He says so far the firm’s Manual Distribution Center project has been an
“immense success.” “It’s
essentially a set-up where we have a depot for our products that serves a
certain number of retail outlets within close proximity of that depot, using
very simple delivery systems like pushcarts or trolleys. It is a low-cost
approach to doing distribution; you’re not using any mechanized or motorized
means,” Egbe explains. “That limits how far you can take the product, but it
also gives you more frequent access to a set of outlets.”
Egbe
acknowledges that the centers were initially created “out of a business
necessity. We were trying to find a way to expand our distribution footprint,
and to include some of the local entrepreneurs in how we expanded our
distribution. And by doing so we were able to increase the availability of our
products in the retail outlets.”
He says that as Coke implemented the project on a larger
scale, it began to realize that it held the potential of “benefits that fit
well with the economic development and poverty reduction agenda of the United
Nations Millennium Development Goals (MDGs). And that’s how we figured out that
this is a tested model that works and meets our business needs but in that
process helps other people get going in terms of entrepreneurship and creating
income for themselves.”
In September 2000, 189 nations adopted and signed the
Millennium Declaration, setting the primary goal of making the world a better
place, including the target of eradicating extreme poverty and hunger by 2015.
In
identifying potential sites for the Manual Distribution Centers, says Egbe, the
company investigates areas that have “enough of a concentration of retail
outlets” that would enable individually operated centers to function at a
profit.
“Once
that is done, then the company goes out to identify potential entrepreneurs who
are willing and able to run this new business that’s going to be established to
service these outlets.”
Coke interviews candidates, assessing their levels of
business experience and their access to capital. Successful candidates are then
assisted with more capital and securing lease agreements for business premises.
“From
there on we have a well-tested model that helps these entrepreneurs figure out
stock they need to have, how much cash flow they need to have to maintain the
business, what are the working capital requirements, and how they can recruit
some laborers to help in the delivery of products,” Egbe says.
He
says there’s also a lot of work involved in “getting the business established and
then ongoing monitoring and support of the business once it’s established” but
that the eventual result is thousands of people pushing carts, trolleys and
other manual means of transport laden with soft drinks all over rural and urban
Africa.
“(The
Manual Distribution Centers are) spreading all over. In West Africa, you see
them in Ivory Coast, Ghana and Senegal.”
Egbe says the centers are ubiquitous in East Africa, with
the greatest concentration in Ethiopia, but that the model is being adopted across
the continent “to service the needs of the local markets in having a low-cost
distribution model…. You also have large numbers in Uganda, Tanzania and Kenya.

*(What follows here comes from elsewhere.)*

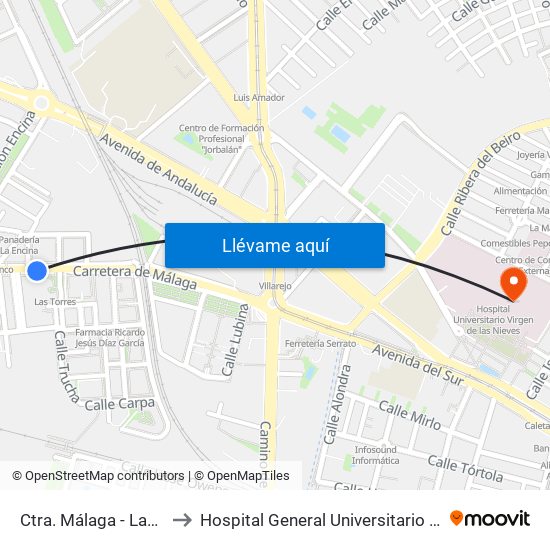 Ctra. Málaga - Las Torres to Hospital General Universitario De Granada map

You start seeing them now in Nigeria, in (the capital), Lagos. You see
varieties of these Manual Distribution Centers in South Africa, parts of the
southern tip of the continent like Mozambique, Zambia; you see some of them in
Angola.”
Egbe
reveals that “surprisingly enough,” the people managing the centers are mostly
first-time entrepreneurs. And many are women.
“A
good example is Tanzania, where you would have about a third of these
entrepreneurs that are female, they’re women who are getting into business for
the first time. You have another third where it’s husband and wife that go into
this business, usually run by the wife. So in Tanzania, two thirds of these
Manual Distribution Centers will be run by women.”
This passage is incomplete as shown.